The psyche, which has been rooting itself
In these same bodies, for untold millions of years,
Suddenly spreads itself even wider;
Attempting to snag everything within reach-
Things totally useless, and devoid of any meaning
To everybody except us.

Old lovers in our minds, resemble scenes from romantic paintings;
More loving, more caring, than the reality ever was.

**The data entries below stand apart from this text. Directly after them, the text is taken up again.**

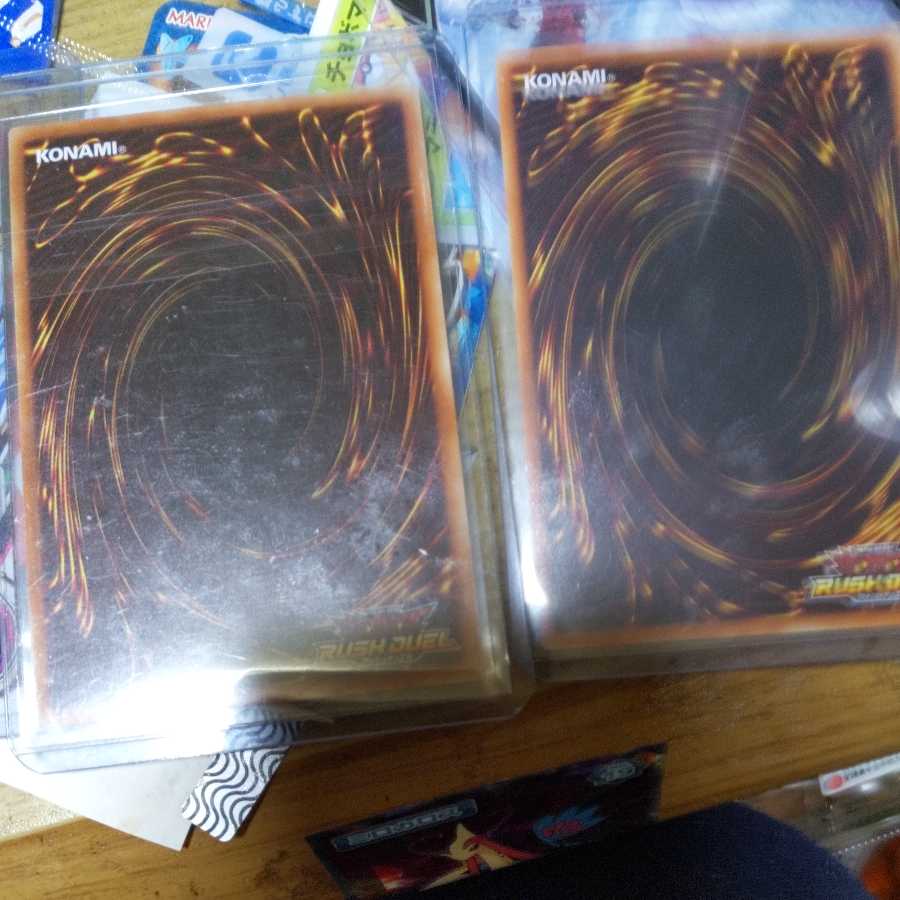 Yu-Gi-Oh Snubbull Eyes Secret Rare and Black Magician Girl Secret Rare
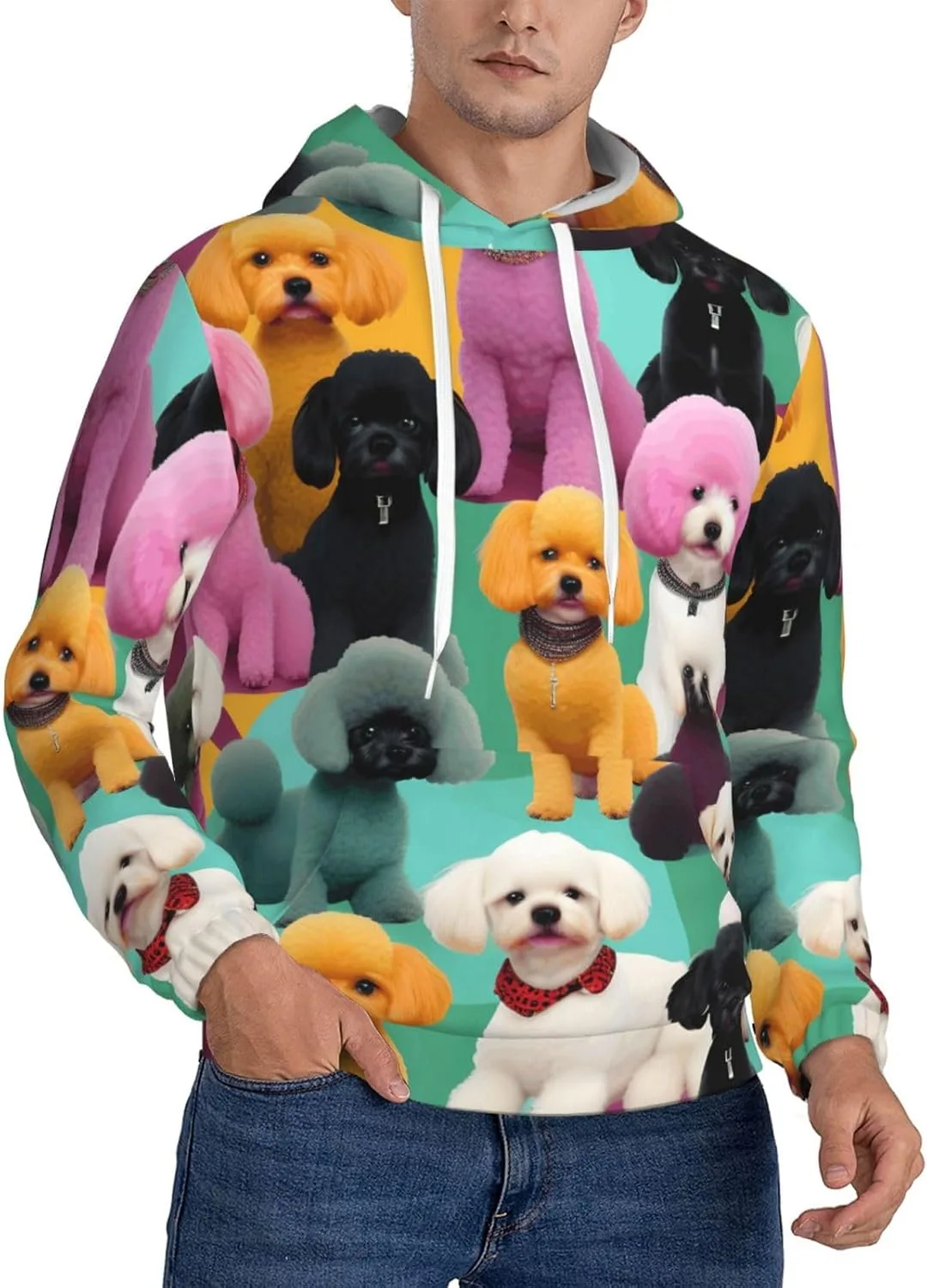 Толстовка с капюшоном BaerK для мужчин, с принтом пуделей, на молнии
Толстовка с капюшоном BaerK для мужчин, с принтом пуделей, на молнии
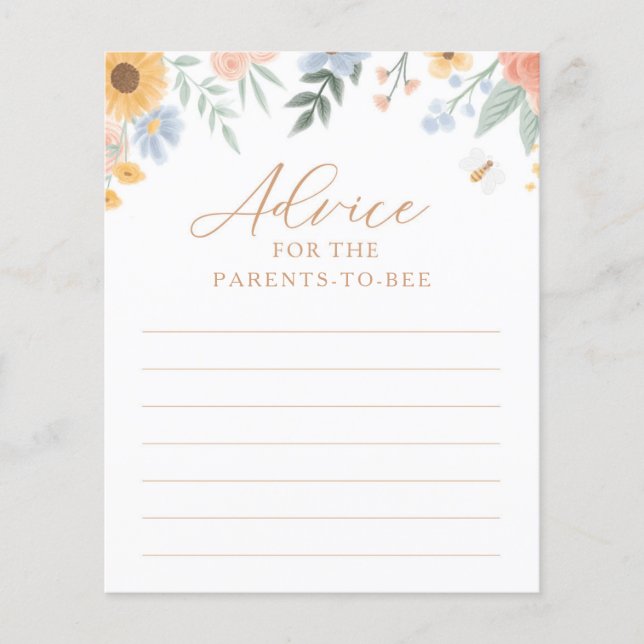 Papier Conseils pour les parents pour le jeu Baby shower (Devant)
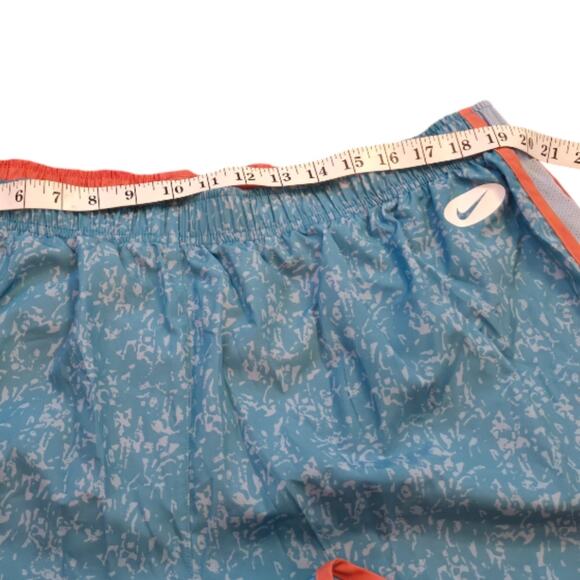 Nike Tempo Aqua and Orange Running Active Athletic Workout Shorts Plus Size 2X - Picture 6 of 13
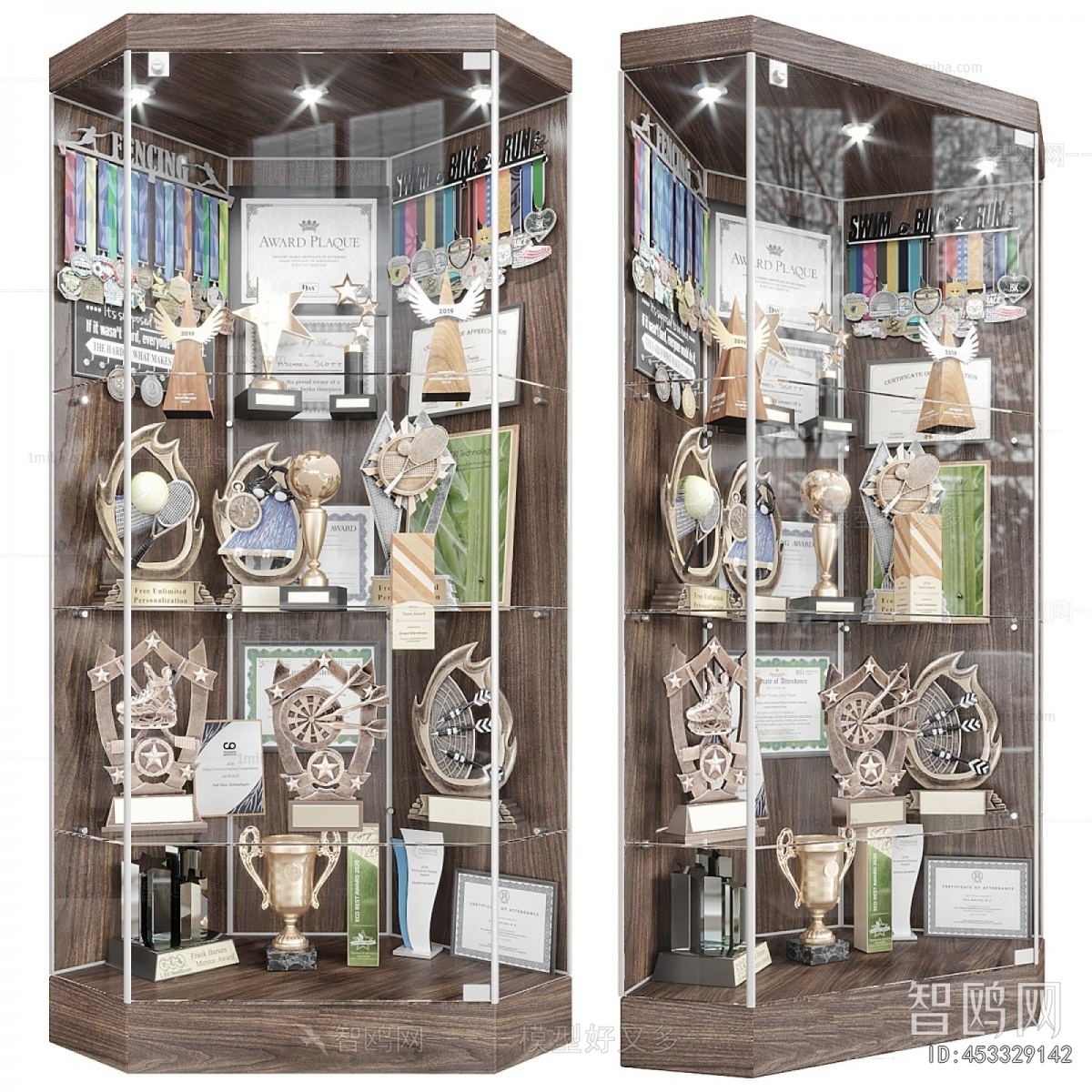 Modern Flag/badge/trophy/certificate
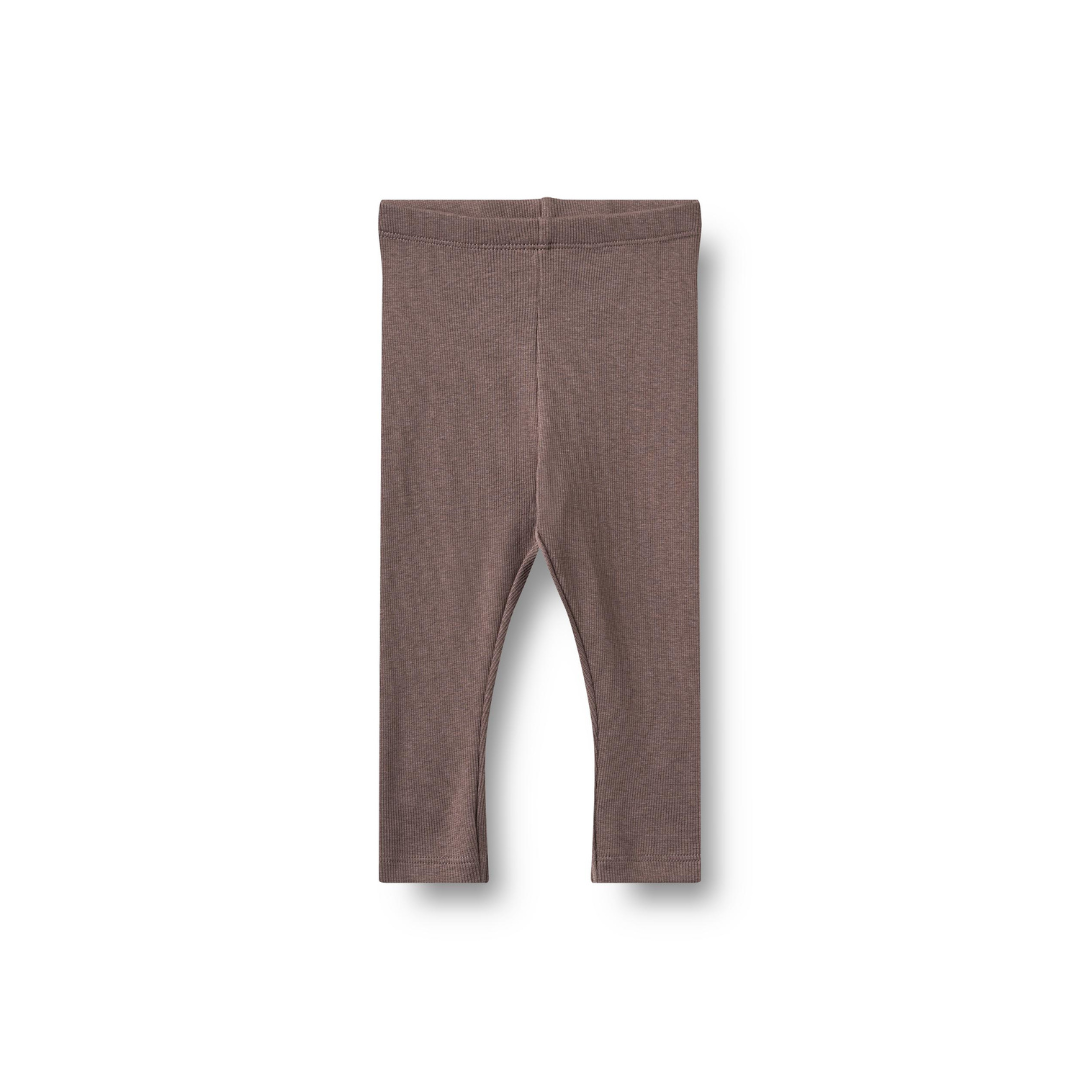 Wheat Maddy rib leggings plum truffle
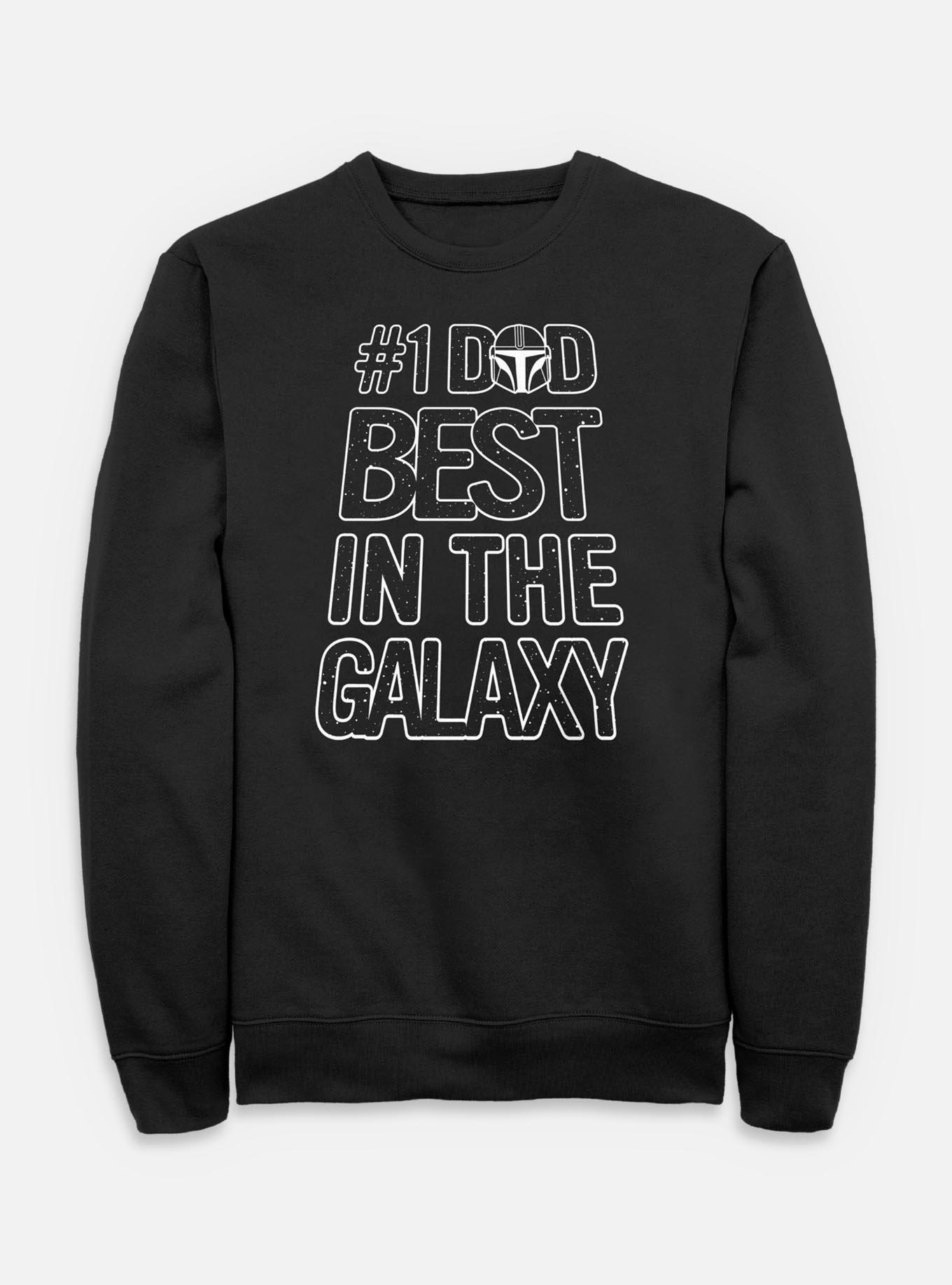 Star Wars The Mandalorian Number 1 Dad Best In The Galaxy Sweatshirt, , hi-res
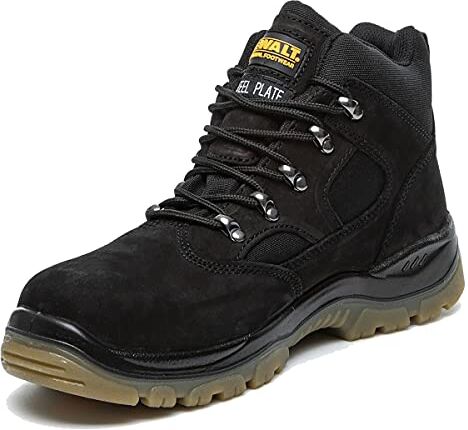 DeWalt Sympatex Scarpe Antinfortunistiche Uomo, Nero (Black Challenger 4), 43 EU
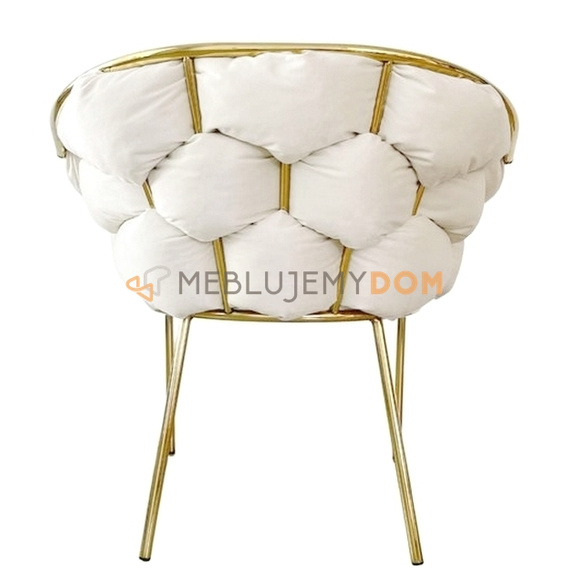 MAGNOLIA GOLD armchair with woven backrest 75 cm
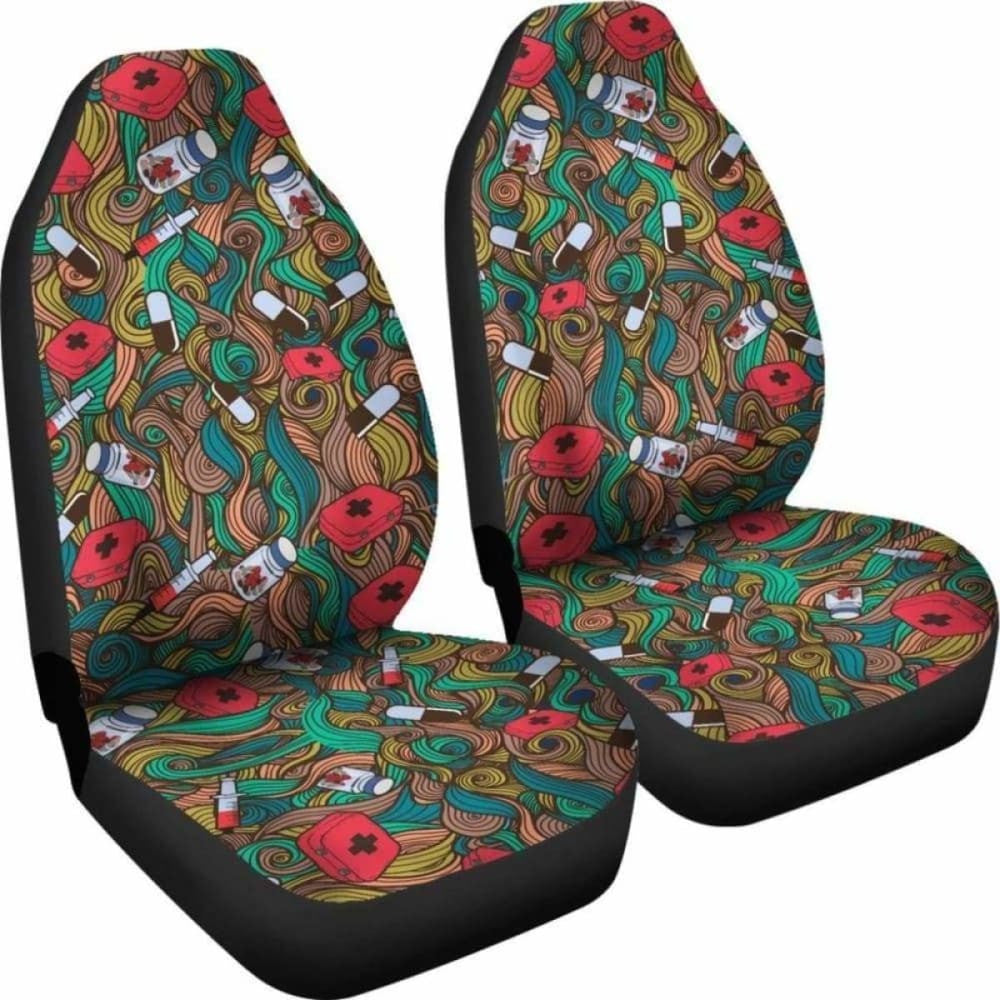 Nurse Accessories Patterns Art Car Seat Cover
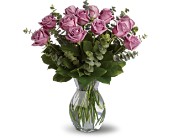 Lavender Wishes - Dozen Premium Lavender Roses in Sewell�NJ, Lamp Light Florist And Gift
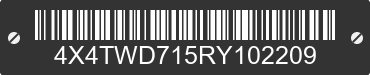 2024 FOREST RIVER Wildwood Towables 4X4TWD715RY102209 VIN decoded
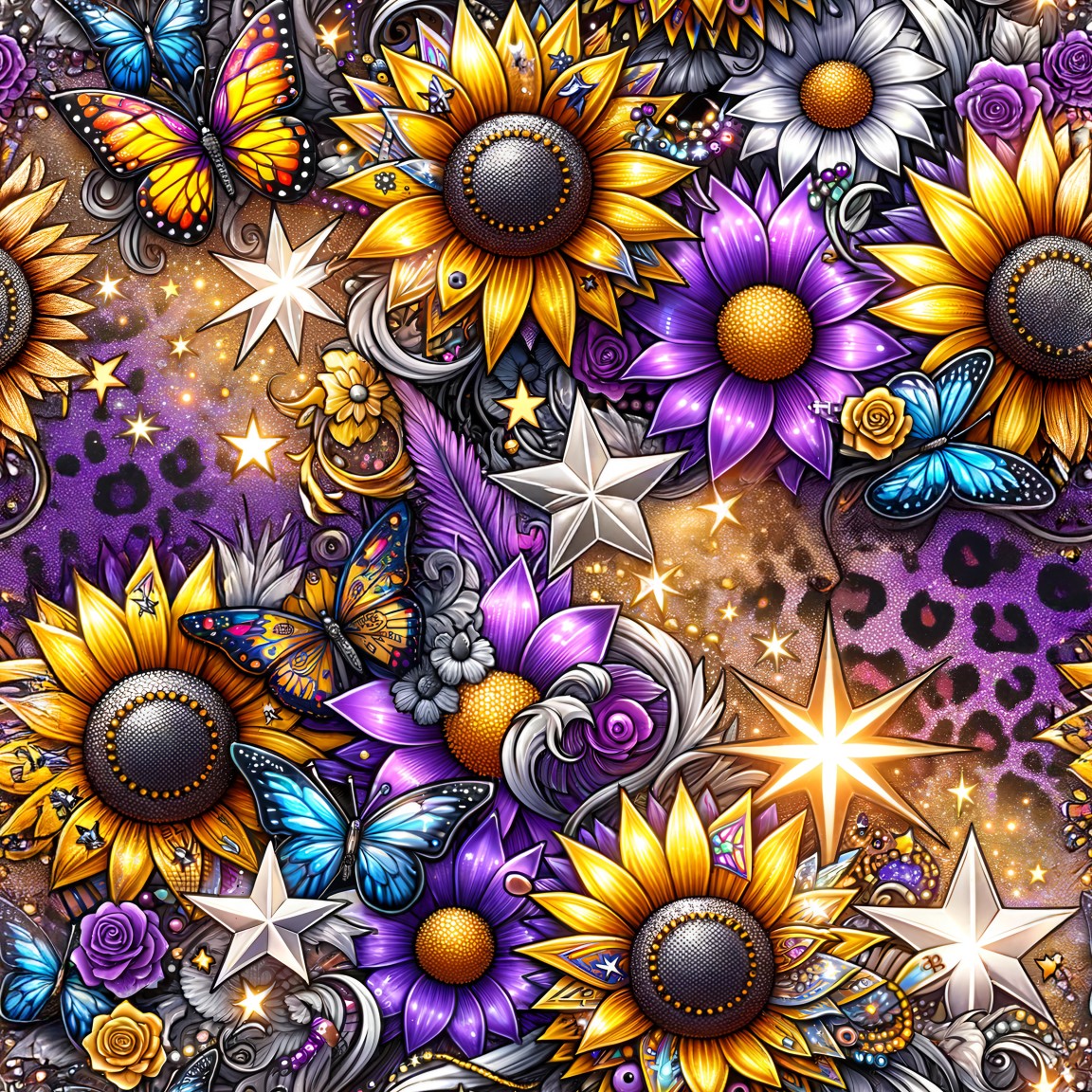 SUNFLOWER LEOPARD - MULTIPLE VARIATIONS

Our parents appear more genteel, our children more endearing;
The whole world is like the most terribly fragile work of art;
Even the simple act of baking a cake seems a magic trick,
Available nowhere else in the universe,
Because wheat is a treasure from earth's bosom itself,
And butter and eggs must be novelties,
Coming from the bodies of two completely different animals;
Able to mix with wheat, and then become something tall and airy,
Rising lightly toward the sky, like an ascending puff of cloud.

Snapshots for our memory altars, and fresh flowers for the dead
Who have left everything once important to them behind;
No wonder ancient peoples set out feasts for their deceased;
Our imaginations are huge enough to comprehend anything
But the empty husks, of those we loved: or else our own.